À peine le temps de digérer les remakes HD-2D de Dragon Quest I & II que Square Enix frappe déjà un nouveau coup. Cette fois, l’éditeur s’attaque à Dragon Quest VII, longtemps considéré comme l’épisode le plus exigeant et le plus clivant de la série.
Avec Dragon Quest VII Reimagined, le studio ne parle plus de simple modernisation, mais d’une refonte en profondeur, pensée pour un public bien plus large. Une ambition qui change radicalement l’expérience.

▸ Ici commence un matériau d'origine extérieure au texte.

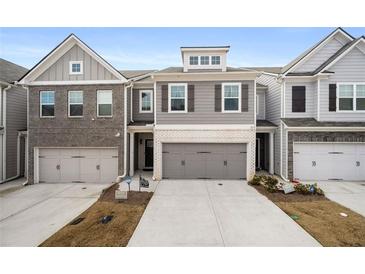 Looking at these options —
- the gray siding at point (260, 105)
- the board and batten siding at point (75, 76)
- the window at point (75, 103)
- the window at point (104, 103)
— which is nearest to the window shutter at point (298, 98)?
the gray siding at point (260, 105)

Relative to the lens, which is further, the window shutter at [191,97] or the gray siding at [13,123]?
the gray siding at [13,123]

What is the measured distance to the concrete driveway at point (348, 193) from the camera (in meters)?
7.80

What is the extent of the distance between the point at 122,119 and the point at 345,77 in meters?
13.0

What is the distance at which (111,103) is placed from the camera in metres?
11.5

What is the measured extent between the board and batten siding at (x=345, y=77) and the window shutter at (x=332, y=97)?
11 cm

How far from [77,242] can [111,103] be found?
26.2ft

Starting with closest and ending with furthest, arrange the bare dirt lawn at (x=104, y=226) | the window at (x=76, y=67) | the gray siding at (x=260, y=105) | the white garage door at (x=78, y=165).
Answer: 1. the bare dirt lawn at (x=104, y=226)
2. the window at (x=76, y=67)
3. the white garage door at (x=78, y=165)
4. the gray siding at (x=260, y=105)

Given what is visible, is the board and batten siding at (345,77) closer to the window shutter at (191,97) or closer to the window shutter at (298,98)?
the window shutter at (298,98)

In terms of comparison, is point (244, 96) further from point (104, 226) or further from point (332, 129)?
point (104, 226)

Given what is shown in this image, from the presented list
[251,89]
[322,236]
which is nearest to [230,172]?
[251,89]

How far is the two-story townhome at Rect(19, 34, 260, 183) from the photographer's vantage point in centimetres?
1127

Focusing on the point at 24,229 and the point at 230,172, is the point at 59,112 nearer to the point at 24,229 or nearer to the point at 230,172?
the point at 24,229

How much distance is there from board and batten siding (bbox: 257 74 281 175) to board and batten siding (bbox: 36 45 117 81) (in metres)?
9.98

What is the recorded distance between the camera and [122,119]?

Un Dragon Quest à la structure unique, entre récits fragmentés et émotion
Contrairement aux épisodes plus récents comme Dragon Quest VIII ou XI, Dragon Quest VII repose sur une construction très particulière. Le joueur explore une succession d’îles figées dans le temps, chacune racontant sa propre histoire.
Grâce au système des tablettes, le voyage entre passé et présent devient le moteur du scénario, transformant l’aventure en une collection de récits courts, souvent poignants.
Cette approche narrative permet au jeu d’aborder des thèmes plus sombres et intimistes : disparition de villages, séparation de familles, fatalité face aux catastrophes naturelles.
Si l’attachement aux personnages se construit progressivement, la répétition de la structure explorer, sauver, revenir peut créer une certaine lassitude sur la durée, malgré un rythme global nettement accéléré dans cette version Reimagined.
Une refonte visuelle et sonore qui marque un tournant pour la saga
C’est sur le plan artistique que Dragon Quest VII Reimagined impressionne le plus. Le jeu adopte une esthétique inspirée des dioramas, avec des décors miniatures d’une grande finesse et des personnages modélisés à partir de poupées scannées.
Le style d’Akira Toriyama y gagne une dimension presque tangible, notamment dans les textures des vêtements et le rendu de l’eau, omniprésente dans l’aventure.
L’ambiance est portée par les compositions emblématiques de Koichi Sugiyama, qui renforcent l’identité émotionnelle de chaque île. Si certaines boucles musicales restent répétitives, l’ensemble contribue à donner à cet épisode une identité visuelle et sonore unique, souvent cité comme l’un des plus beaux Dragon Quest jamais produits.
Accessibilité maximale et combats revisités : une modernisation assumée
Dragon Quest VII Reimagined fait le choix clair de l’accessibilité. Les objectifs sont constamment indiqués, la progression est guidée, et de nombreuses options permettent d’ajuster la difficulté.
Le jeu introduit également un système inédit de double vocations, autorisant des combinaisons de classes extrêmement puissantes, renforcées par des mécaniques de personnalisation avancées.
Les combats gagnent en fluidité avec l’apparition des ennemis directement sur la carte, évitant les affrontements inutiles. Ce confort de jeu, salué par les nouveaux joueurs, divise cependant les vétérans : la progression, plus courte et moins punitive, donne parfois l’impression d’un RPG trop indulgent, même en difficulté élevée.